M. Sissi, un ex-chef d'Etat-major qui brique un nouveau mandat de quatre ans, est déjà omniprésent à la télévision comme dans la presse, qui relaye en continue ses déplacements et ses rencontres avec divers responsables nationaux et internationaux. Idem dans les rues, où des portraits ou banderoles électorales sont à sa gloire.

Alors que l'abstention risque d'être la seule inconnue du scrutin, les partisans du président, craignant qu'elle ne soit élevée, ont appelé les Egyptiens à voter en masse.

Du porte-à-porte sera fait pour convaincre les électeurs de l'importance de la participation, a déclaré le porte-parole de la campagne de M. Sissi, Mohamed Bahaa Abou Choukka, dans des propos diffusés samedi par les chaînes de télévision.

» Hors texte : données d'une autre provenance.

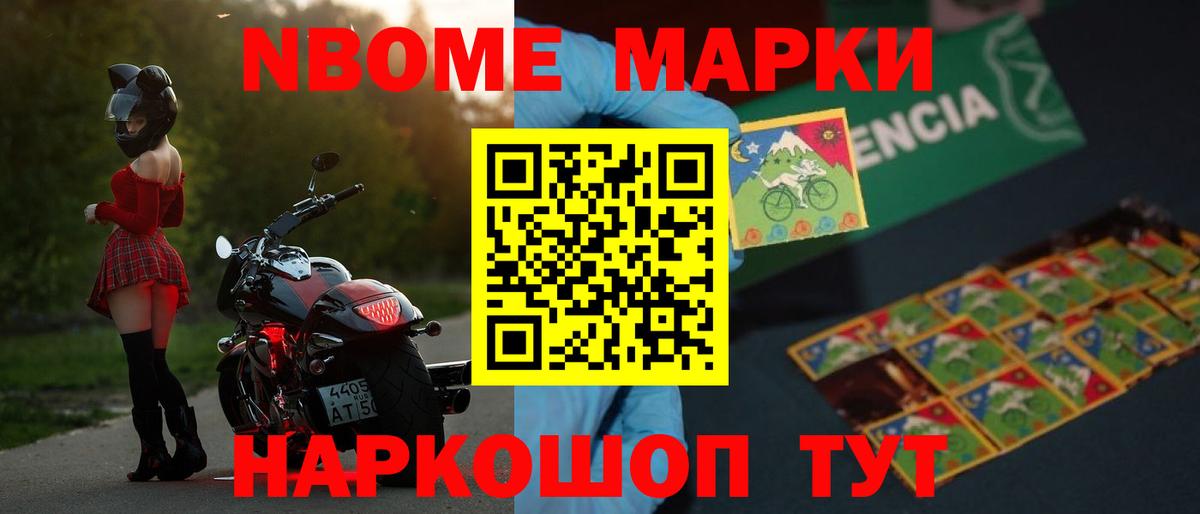 Лсд 25 экстази кислота  Вход с VPN  LSD-25 экстази ecstasy  Дюртюли 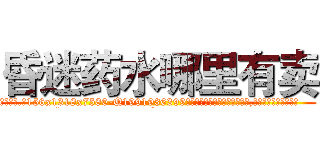昏迷药水哪里有卖 (昏迷药水哪里有卖【电.话156x1318x7580-Q1991936399鑫宏药业】我们做的是长期生意,靠的是老客户长期支持
参考消息网2月20日报道 韩媒称，“剩女多、离婚率高的城市，房价一定会上涨。”这是中国经济学家金岩石2016年12月参加在上海举行的房地产相关论坛时说的话。
)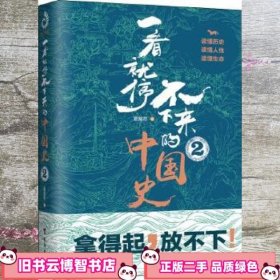 一看就停不下来的中国史2 最爱君 台海出版社 9787516823705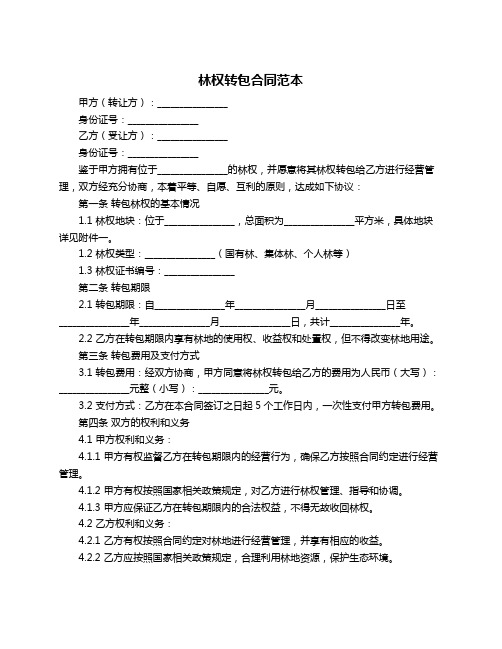 林权转包合同范本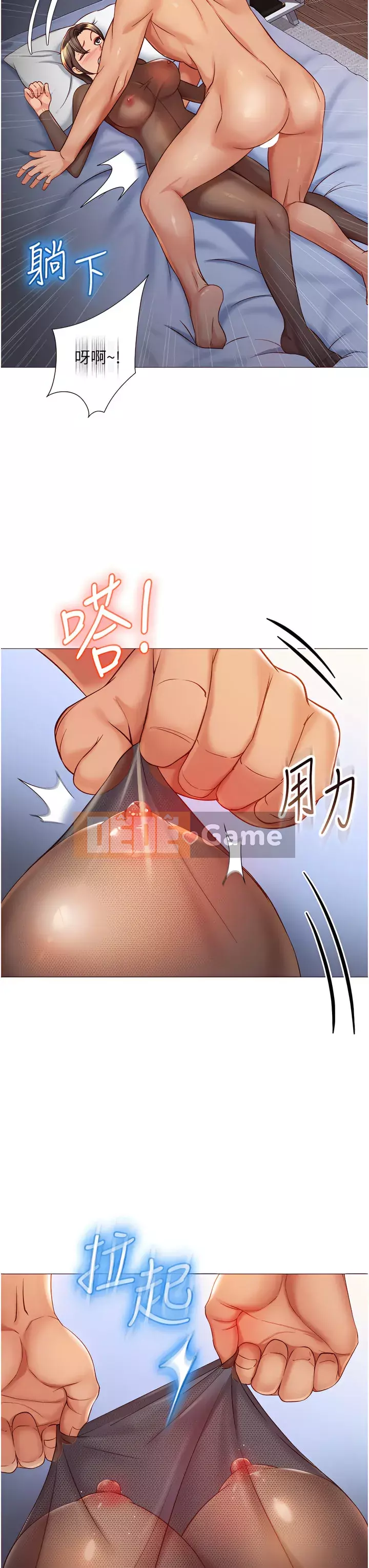 Tất cả con gái và bạn gái trở lại TÔI Chương 70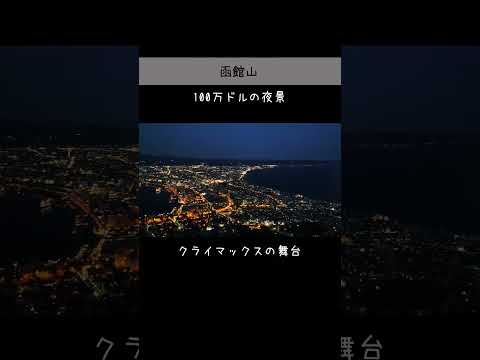 函館一人旅でコナン聖地巡礼が楽しすぎた（本編は関連動画をご覧ください♪）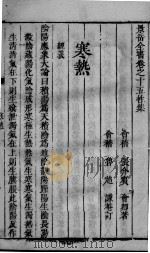 景岳全书  2  卷15-16（ PDF版）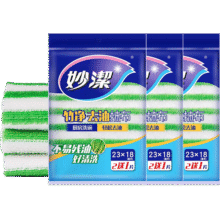 妙洁 竹净去油抹布 23*18cm*9片 洗碗巾 易吸水不易残油31.8元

Dans le même temps, l'Autorité nationale des élections (NEA) a prié les médias de faire preuve d'"objectivité" et interdit aux personnalités politiques de "participer à la campagne électorale dans l'intention d'influencer positivement ou négativement le résultat des élections".

Abdel Moneim Aboul Foutouh, un ancien dirigeant des Frères musulmans -organisation déclarée "terroriste" par le pouvoir-, a été arrêté le 14 février après avoir lancé un appel avec d'autres leaders de l'opposition à boycotter le scrutin. Il avait accusé le régime "d'empêcher toute compétition loyale".

Comme M. Aboul Foutouh, plusieurs personnalités critiques du gouvernement ont été mises hors d'état de nuire depuis le début de la course à la présidence.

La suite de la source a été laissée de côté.